» **WHAT NEEDS TO BE DONE**: Leave the pictures out and reproduce, exactly, the lines from the one with "Identificação da planta" through the end of the entries below.

» **RECORDS FOR THIS EXERCISE**:
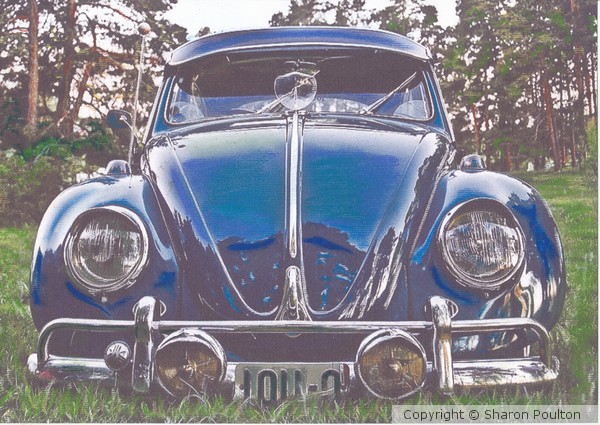 Bug Mania 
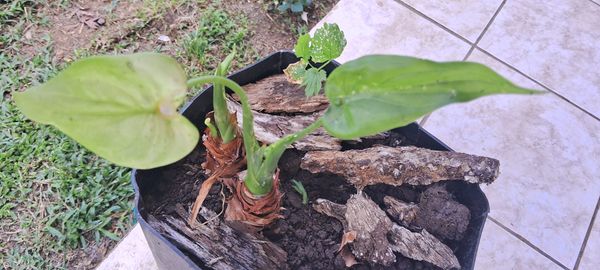 Identificação da planta Copo-de-leite por foto
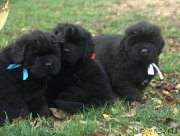 Превью фото № 137939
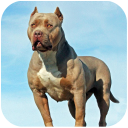 Pitbull Dog Simulator Icon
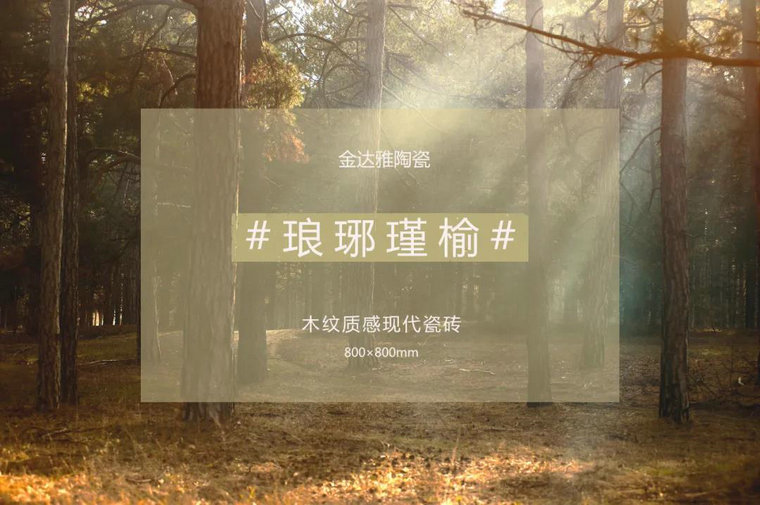 仿古磚加盟,仿古磚招商,仿古磚十大品牌,金達雅瓷磚,噴墨磚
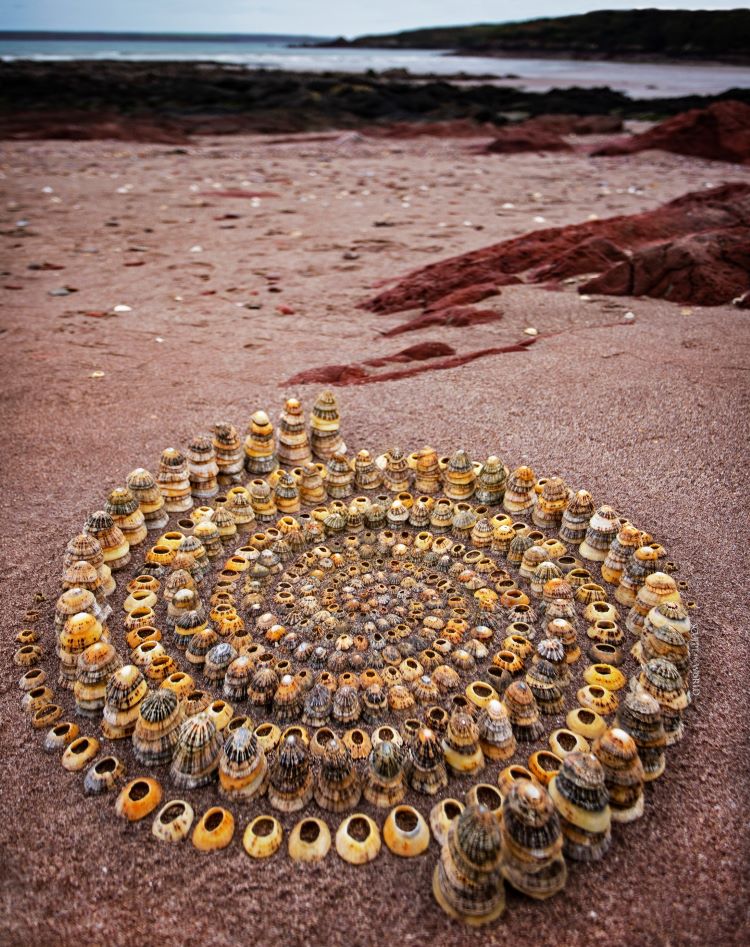 Shells Arranged In Spiral Pattern On Beach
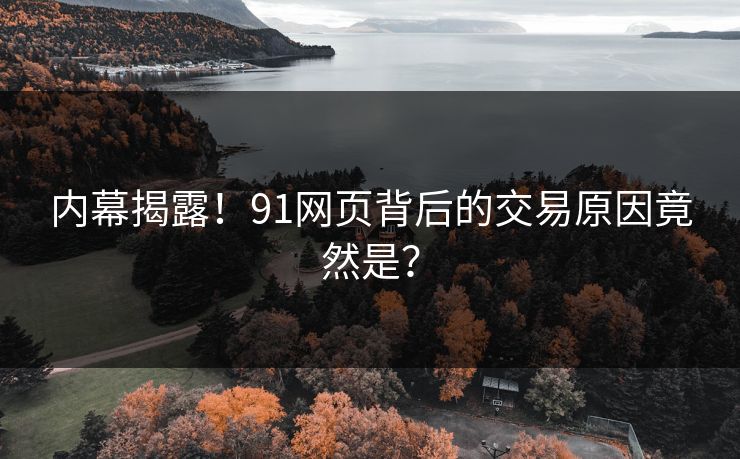 内幕揭露！91网页背后的交易原因竟然是？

» **SOLUTION TO THE EXERCISE**:
 Identificação da planta Copo-de-leite por foto
 Превью фото № 137939
 Pitbull Dog Simulator Icon
 仿古磚加盟,仿古磚招商,仿古磚十大品牌,金達雅瓷磚,噴墨磚
 Shells Arranged In Spiral Pattern On Beach
 内幕揭露！91网页背后的交易原因竟然是？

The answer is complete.